In the listing below, locate the line containing "Hoodie Hold the Ones Negra" and the line containing "Winter Song –". Output both of them and every line between, exactly as written, and nothing more.

+ + + + + + +

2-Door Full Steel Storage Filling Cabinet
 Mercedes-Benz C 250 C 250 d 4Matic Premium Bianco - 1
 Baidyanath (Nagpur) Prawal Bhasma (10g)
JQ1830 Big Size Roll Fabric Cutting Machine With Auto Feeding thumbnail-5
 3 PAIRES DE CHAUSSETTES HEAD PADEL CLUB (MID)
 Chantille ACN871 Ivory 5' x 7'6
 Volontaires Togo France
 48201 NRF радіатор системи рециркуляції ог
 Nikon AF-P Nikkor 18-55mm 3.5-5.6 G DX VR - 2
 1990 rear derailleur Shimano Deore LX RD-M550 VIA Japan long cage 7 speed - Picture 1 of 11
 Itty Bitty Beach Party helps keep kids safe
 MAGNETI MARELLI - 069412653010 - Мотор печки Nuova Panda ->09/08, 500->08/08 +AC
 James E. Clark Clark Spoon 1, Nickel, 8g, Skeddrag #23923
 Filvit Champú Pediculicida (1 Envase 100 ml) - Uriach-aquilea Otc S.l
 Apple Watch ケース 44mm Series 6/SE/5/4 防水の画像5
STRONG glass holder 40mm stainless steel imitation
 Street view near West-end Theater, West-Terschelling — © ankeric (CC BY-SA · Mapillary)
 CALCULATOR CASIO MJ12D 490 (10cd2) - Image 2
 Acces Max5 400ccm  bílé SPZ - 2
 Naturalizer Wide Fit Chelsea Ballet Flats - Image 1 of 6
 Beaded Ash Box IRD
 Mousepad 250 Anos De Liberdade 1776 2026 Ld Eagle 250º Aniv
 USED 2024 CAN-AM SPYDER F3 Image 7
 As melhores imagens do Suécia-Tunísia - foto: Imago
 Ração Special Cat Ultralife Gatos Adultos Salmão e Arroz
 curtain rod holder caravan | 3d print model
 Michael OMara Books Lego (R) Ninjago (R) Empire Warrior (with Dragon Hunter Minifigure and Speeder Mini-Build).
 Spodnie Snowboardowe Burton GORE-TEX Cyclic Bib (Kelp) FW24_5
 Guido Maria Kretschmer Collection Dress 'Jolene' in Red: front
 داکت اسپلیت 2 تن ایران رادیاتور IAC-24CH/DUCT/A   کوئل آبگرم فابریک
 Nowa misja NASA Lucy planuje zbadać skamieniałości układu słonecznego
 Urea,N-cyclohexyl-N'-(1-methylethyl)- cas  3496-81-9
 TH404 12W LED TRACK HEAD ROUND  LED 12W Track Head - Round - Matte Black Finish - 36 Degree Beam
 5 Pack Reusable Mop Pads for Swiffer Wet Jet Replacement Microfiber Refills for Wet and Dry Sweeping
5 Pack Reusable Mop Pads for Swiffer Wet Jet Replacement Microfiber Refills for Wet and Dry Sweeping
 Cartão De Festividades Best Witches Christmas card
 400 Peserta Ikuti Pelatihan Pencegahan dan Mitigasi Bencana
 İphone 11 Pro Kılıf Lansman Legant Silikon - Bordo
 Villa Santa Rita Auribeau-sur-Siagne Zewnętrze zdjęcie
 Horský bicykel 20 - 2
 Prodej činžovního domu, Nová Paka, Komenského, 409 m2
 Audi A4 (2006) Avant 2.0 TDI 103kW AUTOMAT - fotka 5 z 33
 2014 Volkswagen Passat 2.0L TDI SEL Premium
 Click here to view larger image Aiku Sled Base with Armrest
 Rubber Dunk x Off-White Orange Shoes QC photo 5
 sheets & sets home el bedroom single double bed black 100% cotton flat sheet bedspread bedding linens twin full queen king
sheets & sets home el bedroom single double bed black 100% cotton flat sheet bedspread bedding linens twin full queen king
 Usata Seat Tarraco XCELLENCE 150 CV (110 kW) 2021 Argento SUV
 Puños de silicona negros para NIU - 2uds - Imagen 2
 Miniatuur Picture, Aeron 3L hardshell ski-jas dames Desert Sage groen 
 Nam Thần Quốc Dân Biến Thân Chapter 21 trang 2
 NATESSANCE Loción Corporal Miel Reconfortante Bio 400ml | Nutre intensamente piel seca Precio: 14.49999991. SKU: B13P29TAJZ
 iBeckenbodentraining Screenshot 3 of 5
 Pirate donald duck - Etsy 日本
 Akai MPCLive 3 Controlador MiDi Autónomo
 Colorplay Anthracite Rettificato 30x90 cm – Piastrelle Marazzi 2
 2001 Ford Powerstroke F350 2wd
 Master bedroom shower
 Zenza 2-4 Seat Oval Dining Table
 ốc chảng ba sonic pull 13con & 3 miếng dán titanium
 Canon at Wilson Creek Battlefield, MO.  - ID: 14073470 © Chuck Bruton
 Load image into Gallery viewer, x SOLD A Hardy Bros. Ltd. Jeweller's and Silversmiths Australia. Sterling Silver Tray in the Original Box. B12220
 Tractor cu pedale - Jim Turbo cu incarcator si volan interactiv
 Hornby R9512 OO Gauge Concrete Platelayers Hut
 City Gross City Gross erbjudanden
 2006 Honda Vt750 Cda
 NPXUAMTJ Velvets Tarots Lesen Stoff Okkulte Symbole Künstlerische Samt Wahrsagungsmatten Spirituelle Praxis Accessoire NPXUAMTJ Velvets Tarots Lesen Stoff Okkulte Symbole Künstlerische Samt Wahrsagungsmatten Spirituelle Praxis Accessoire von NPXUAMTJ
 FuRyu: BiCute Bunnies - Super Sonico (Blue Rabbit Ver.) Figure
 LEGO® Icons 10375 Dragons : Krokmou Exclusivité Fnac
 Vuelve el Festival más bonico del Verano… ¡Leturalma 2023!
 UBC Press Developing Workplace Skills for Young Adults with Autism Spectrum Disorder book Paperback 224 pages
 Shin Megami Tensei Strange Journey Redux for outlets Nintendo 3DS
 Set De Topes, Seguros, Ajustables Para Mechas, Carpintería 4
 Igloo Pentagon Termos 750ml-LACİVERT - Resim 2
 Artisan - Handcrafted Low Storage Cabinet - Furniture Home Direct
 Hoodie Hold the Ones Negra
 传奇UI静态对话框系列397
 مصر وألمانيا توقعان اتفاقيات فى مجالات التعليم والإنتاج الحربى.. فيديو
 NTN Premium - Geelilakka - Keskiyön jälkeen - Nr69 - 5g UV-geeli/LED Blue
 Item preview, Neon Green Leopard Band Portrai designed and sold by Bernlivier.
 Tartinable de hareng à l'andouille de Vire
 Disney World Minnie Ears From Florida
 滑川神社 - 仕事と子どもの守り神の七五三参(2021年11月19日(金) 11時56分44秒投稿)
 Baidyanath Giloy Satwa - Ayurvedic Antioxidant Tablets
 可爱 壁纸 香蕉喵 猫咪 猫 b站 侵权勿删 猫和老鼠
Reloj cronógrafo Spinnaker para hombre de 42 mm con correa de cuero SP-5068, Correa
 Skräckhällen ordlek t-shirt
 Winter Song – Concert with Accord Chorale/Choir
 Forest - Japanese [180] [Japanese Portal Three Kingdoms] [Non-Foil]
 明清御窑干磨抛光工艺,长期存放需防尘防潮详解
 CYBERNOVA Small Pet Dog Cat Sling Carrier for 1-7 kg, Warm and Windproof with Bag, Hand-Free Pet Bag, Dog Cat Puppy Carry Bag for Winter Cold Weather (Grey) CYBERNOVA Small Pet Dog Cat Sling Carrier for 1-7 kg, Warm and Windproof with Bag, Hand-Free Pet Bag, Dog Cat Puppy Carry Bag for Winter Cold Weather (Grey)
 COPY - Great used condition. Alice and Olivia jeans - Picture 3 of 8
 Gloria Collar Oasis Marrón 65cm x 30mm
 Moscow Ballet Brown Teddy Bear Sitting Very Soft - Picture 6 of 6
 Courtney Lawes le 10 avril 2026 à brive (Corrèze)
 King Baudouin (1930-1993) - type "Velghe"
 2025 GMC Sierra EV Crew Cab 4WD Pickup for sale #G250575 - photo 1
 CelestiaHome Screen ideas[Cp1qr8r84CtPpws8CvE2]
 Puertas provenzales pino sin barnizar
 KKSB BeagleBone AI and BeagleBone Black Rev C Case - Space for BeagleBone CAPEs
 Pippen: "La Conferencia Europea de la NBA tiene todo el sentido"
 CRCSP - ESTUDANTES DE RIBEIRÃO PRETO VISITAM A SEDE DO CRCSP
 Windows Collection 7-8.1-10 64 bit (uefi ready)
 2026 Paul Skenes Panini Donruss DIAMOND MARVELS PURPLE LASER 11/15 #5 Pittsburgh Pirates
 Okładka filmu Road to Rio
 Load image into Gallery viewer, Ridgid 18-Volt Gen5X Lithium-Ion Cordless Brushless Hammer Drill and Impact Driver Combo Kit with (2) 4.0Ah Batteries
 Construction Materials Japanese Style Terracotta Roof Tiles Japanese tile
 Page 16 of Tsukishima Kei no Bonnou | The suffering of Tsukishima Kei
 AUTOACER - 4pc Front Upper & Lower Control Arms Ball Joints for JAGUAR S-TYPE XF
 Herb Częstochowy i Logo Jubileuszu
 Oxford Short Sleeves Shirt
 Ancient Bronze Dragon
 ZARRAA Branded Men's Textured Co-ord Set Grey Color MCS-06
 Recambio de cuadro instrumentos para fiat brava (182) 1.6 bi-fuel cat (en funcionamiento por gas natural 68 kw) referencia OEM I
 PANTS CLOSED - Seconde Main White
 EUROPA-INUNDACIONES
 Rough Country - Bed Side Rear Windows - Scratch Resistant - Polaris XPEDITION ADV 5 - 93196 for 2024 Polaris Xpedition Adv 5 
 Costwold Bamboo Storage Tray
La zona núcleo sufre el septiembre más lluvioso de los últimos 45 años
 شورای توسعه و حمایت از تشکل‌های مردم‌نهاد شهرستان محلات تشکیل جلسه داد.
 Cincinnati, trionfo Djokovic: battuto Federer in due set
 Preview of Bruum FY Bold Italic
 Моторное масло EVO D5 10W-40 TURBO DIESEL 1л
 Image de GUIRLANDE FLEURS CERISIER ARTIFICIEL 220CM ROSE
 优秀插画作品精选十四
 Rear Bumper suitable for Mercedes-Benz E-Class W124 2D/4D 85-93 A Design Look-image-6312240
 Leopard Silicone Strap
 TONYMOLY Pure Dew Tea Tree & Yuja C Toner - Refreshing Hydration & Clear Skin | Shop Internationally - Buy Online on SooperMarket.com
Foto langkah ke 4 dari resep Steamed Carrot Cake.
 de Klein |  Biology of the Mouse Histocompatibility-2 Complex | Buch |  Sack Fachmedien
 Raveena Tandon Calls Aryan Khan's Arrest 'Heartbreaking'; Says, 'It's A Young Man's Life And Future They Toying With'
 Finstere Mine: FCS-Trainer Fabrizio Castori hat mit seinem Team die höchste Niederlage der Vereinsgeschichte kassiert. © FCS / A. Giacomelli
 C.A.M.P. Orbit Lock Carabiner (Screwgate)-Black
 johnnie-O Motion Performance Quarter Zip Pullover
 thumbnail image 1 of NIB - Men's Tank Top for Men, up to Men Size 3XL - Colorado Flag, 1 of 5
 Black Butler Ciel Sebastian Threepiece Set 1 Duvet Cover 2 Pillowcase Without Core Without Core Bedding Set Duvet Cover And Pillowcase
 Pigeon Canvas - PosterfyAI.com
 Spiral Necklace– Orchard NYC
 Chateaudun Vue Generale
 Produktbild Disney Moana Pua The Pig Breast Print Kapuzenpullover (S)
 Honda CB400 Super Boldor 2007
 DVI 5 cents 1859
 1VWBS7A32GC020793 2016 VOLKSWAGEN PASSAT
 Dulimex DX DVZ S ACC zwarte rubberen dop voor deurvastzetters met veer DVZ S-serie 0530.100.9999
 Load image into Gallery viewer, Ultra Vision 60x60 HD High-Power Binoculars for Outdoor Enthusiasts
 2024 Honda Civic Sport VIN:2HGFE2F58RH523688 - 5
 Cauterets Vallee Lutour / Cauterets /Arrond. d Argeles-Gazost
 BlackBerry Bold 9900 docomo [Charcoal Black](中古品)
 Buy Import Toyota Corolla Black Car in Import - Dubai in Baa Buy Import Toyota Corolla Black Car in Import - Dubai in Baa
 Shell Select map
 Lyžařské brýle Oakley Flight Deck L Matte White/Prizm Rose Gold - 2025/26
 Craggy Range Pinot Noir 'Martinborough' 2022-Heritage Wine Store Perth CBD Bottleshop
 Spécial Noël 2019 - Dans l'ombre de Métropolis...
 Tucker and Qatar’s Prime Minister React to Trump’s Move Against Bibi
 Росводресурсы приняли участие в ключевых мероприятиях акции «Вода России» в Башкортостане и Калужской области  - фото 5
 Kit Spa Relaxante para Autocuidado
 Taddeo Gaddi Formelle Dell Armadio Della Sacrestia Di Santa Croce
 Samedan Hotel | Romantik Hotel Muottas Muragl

+ + + + + + +

▸ Written solution
 Hoodie Hold the Ones Negra
 传奇UI静态对话框系列397
 مصر وألمانيا توقعان اتفاقيات فى مجالات التعليم والإنتاج الحربى.. فيديو
 NTN Premium - Geelilakka - Keskiyön jälkeen - Nr69 - 5g UV-geeli/LED Blue
 Item preview, Neon Green Leopard Band Portrai designed and sold by Bernlivier.
 Tartinable de hareng à l'andouille de Vire
 Disney World Minnie Ears From Florida
 滑川神社 - 仕事と子どもの守り神の七五三参(2021年11月19日(金) 11時56分44秒投稿)
 Baidyanath Giloy Satwa - Ayurvedic Antioxidant Tablets
 可爱 壁纸 香蕉喵 猫咪 猫 b站 侵权勿删 猫和老鼠
Reloj cronógrafo Spinnaker para hombre de 42 mm con correa de cuero SP-5068, Correa
 Skräckhällen ordlek t-shirt
 Winter Song – Concert with Accord Chorale/Choir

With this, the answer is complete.